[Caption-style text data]
____
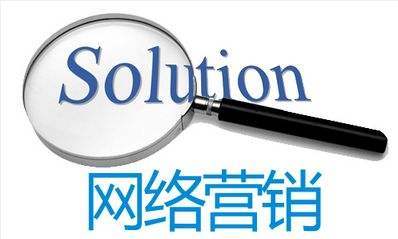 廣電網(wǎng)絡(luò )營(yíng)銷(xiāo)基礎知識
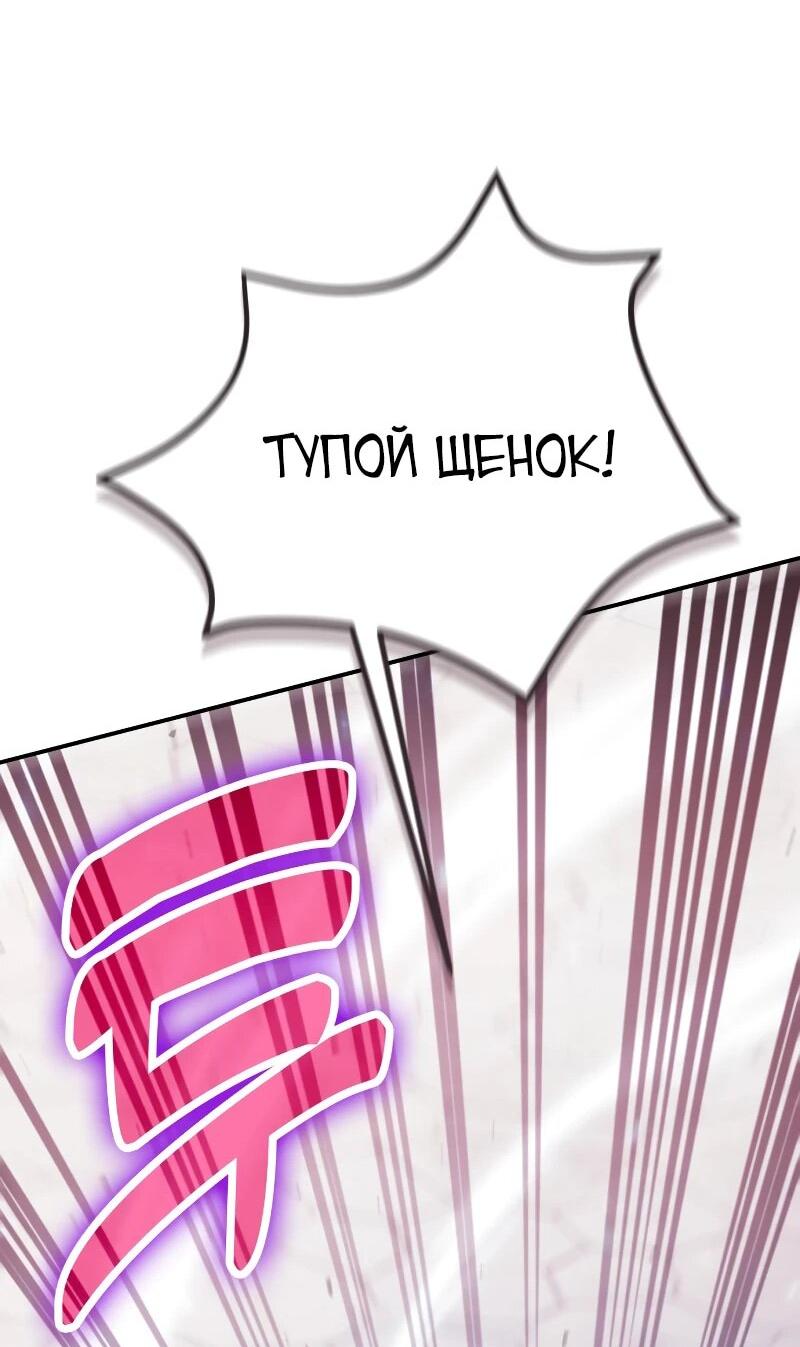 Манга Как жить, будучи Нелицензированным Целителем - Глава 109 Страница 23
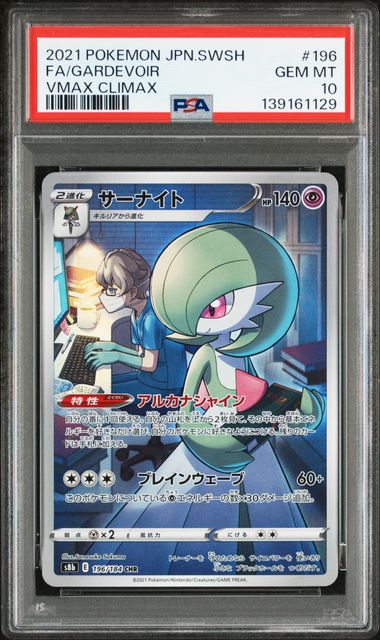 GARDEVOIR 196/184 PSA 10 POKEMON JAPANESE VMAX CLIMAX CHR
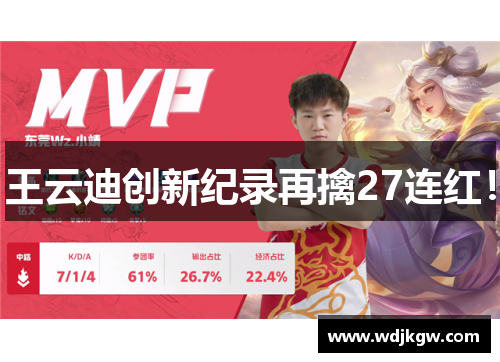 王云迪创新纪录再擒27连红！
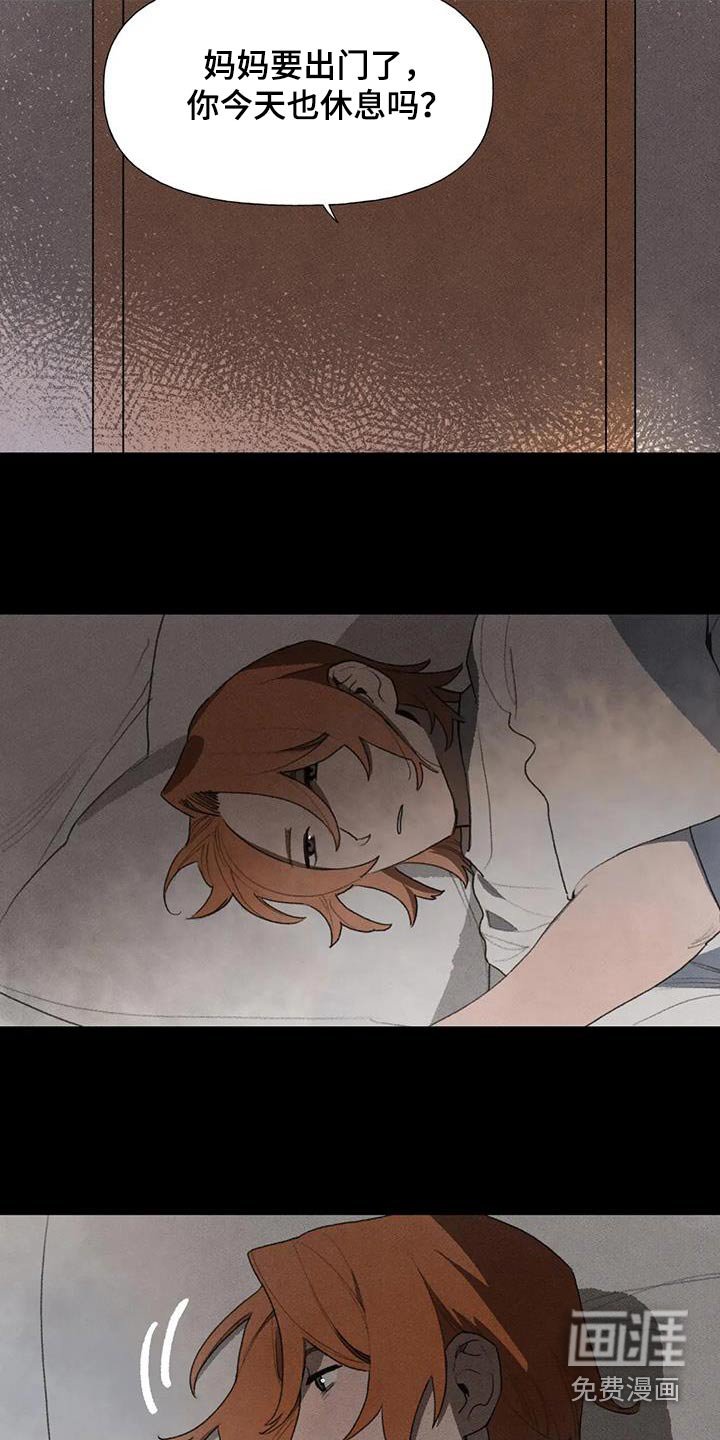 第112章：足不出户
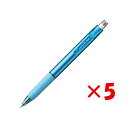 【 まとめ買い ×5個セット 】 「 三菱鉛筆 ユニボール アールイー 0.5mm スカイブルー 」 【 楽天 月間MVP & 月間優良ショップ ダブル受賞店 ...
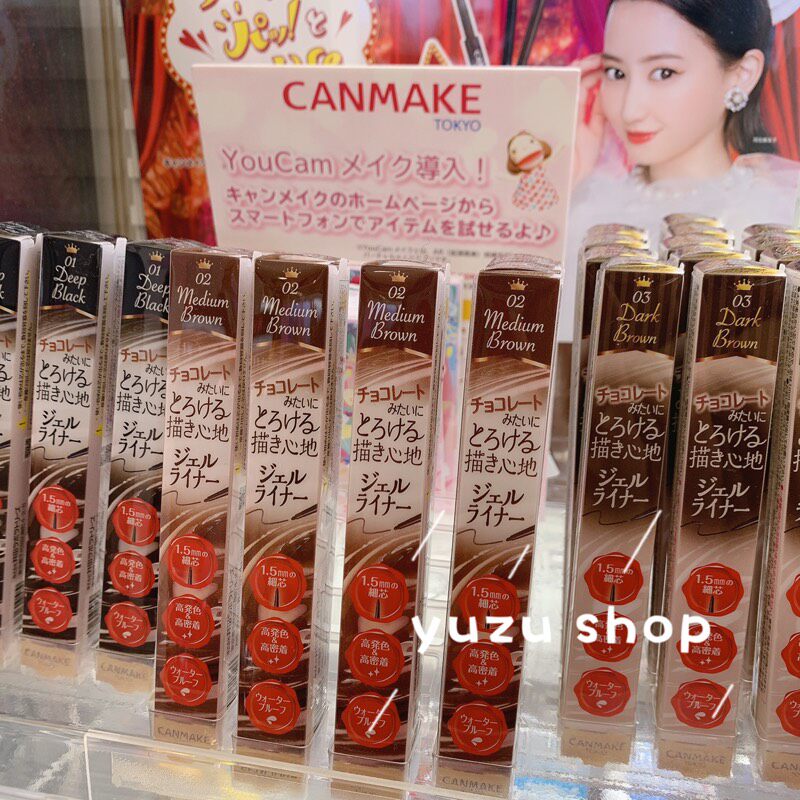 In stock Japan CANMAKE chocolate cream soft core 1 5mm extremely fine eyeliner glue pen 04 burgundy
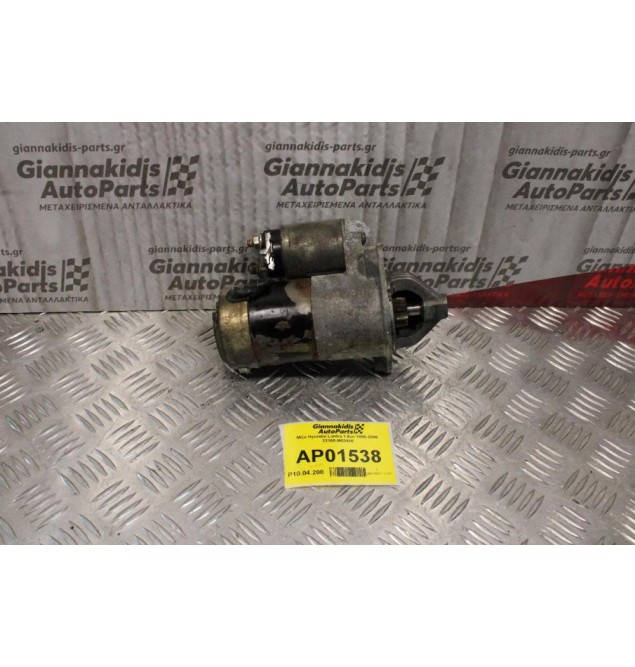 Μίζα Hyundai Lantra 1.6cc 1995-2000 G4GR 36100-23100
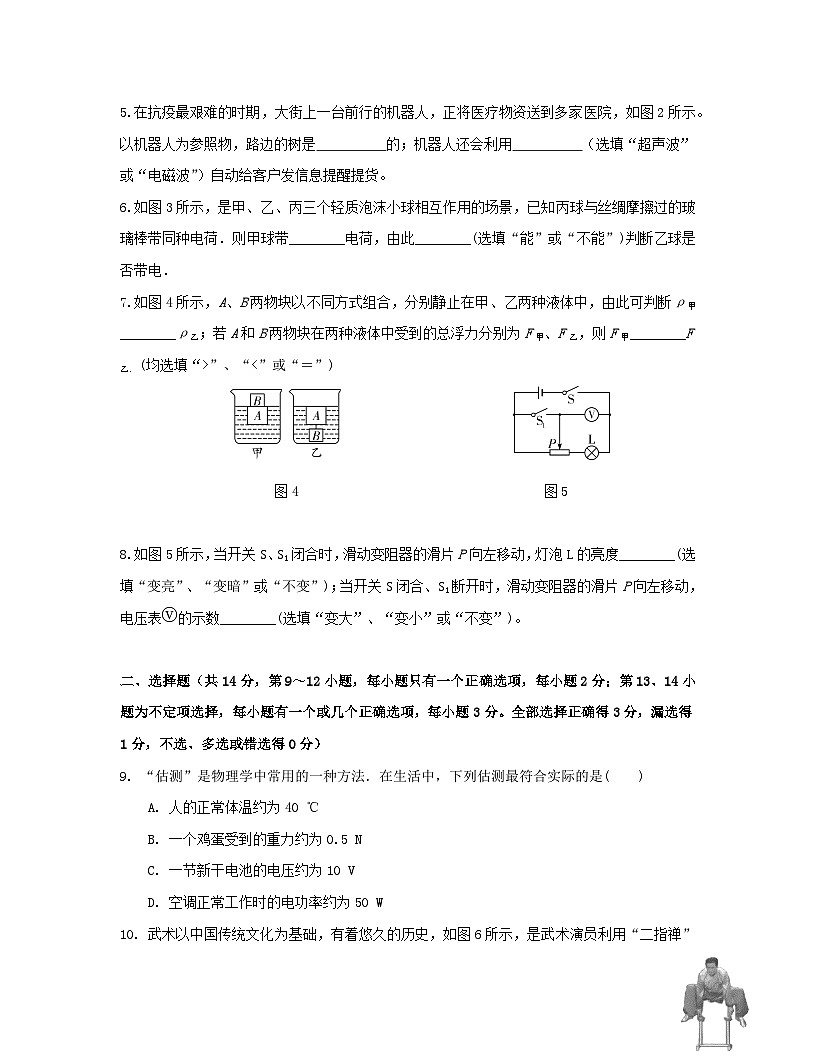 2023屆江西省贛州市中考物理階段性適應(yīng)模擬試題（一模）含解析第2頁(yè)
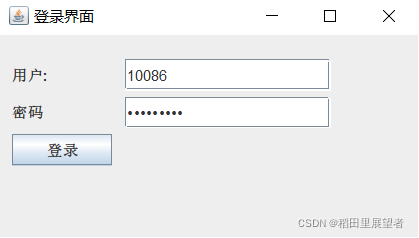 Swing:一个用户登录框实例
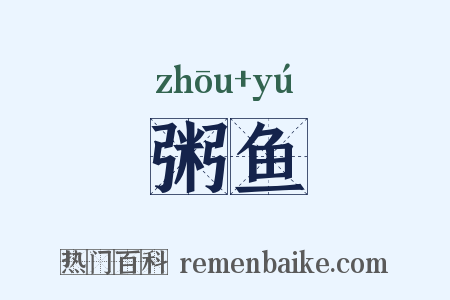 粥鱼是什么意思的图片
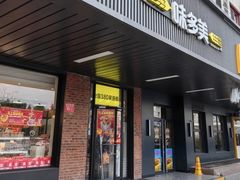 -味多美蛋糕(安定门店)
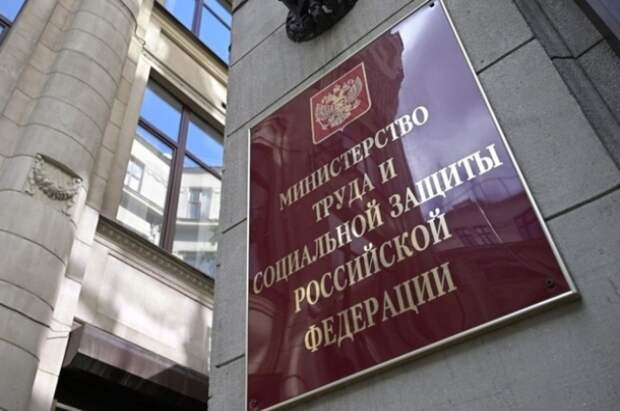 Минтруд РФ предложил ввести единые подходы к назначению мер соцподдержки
____
All records are to be reproduced exactly; the pictures are to be omitted.

## OUTPUT OF THE TASK
 廣電網(wǎng)絡(luò )營(yíng)銷(xiāo)基礎知識
 Манга Как жить, будучи Нелицензированным Целителем - Глава 109 Страница 23
 GARDEVOIR 196/184 PSA 10 POKEMON JAPANESE VMAX CLIMAX CHR
 王云迪创新纪录再擒27连红！
 第112章：足不出户
 【 まとめ買い ×5個セット 】 「 三菱鉛筆 ユニボール アールイー 0.5mm スカイブルー 」 【 楽天 月間MVP & 月間優良ショップ ダブル受賞店 ...
 In stock Japan CANMAKE chocolate cream soft core 1 5mm extremely fine eyeliner glue pen 04 burgundy
 Μίζα Hyundai Lantra 1.6cc 1995-2000 G4GR 36100-23100
 2023屆江西省贛州市中考物理階段性適應(yīng)模擬試題（一模）含解析第2頁(yè)
 Swing:一个用户登录框实例
 粥鱼是什么意思的图片
 -味多美蛋糕(安定门店)
 Минтруд РФ предложил ввести единые подходы к назначению мер соцподдержки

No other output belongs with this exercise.